Les hommes du marabout qui avaient organisé le siège de Guédé investissent la capitale du Lamtoro le 7 novembre 1869. L’Administrateur de Podor qui avait fourni 2000 cartouches au Lamtoro, rapporte la bataille en ces termes : « les hommes de Amadou Sékou sont arrivés devant Guédé en entonnant des versets de Coran et se sont fait tuer comme des fanatiques, la perte du marabout est grande, car c’est dans la première division qu’il avait placé les hommes les plus dévoués. Il avait été ramassé sur le champ de bataille plus de 80 fusils, et on évaluait à 120, le nombre des cadavres étendus près du palissadement[42] ». La victoire du Lamtoro, facilitée par le soutien français mais aussi par la géographie du terrain (Guédé est entouré aux trois-quarts par la crue et n’est accessible que par le fleuve), est un coup sévère infligé aux Madyankés. Mais en fin stratège et pour remobiliser ses troupes, le marabout interprète la défaite comme une épreuve que Dieu fait subir aux Madyankés pour éprouver leur foi.

Après la défaite, il panse ses plaies et tente de reconstituer son armée dans le but de réinvestir Guédé. Samba Oumané tente lui aussi de son côté d’en découdre définitivement avec les Madyankés et prépare une expédition sur Tarédji où le marabout s’est réfugié avec ses troupes. Au moment où les deux protagonistes se préparent à une guerre totale, la situation politique dans le Fouta décide de l’issue. En effet, certains chefs du Tooro qui étaient opposés au projet de Samba Oumané de marcher sur Tarédji, lieu de cantonnement des troupes du Mahdi, le forcent à renoncer à cette attaque.

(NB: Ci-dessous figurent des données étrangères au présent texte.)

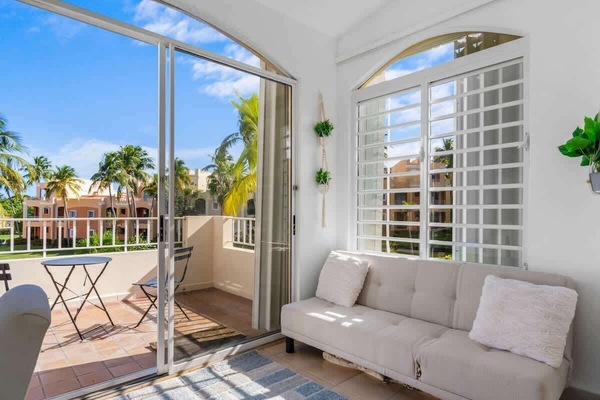Our space features a comfortable sofa, ideal for enjoying moments of relaxation outdoors. Patio doors allow easy and fluid access to the interior, creating a harmonious connection between the spaces.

La tradition orale entretient encore la mémoire de cette bataille. Nous retenons l’extraordinaire conformité du récit de cette bataille consignée dans les archives avec la version que nous a délivrée le sieur Mamadou Camara, chef du village de Guédé. Nous notons que le discours de Camara est empreint de références au merveilleux et il explique la victoire du Lamtoro par le soutien surnaturel d’une djinn nommée Coumba Tiennel[43].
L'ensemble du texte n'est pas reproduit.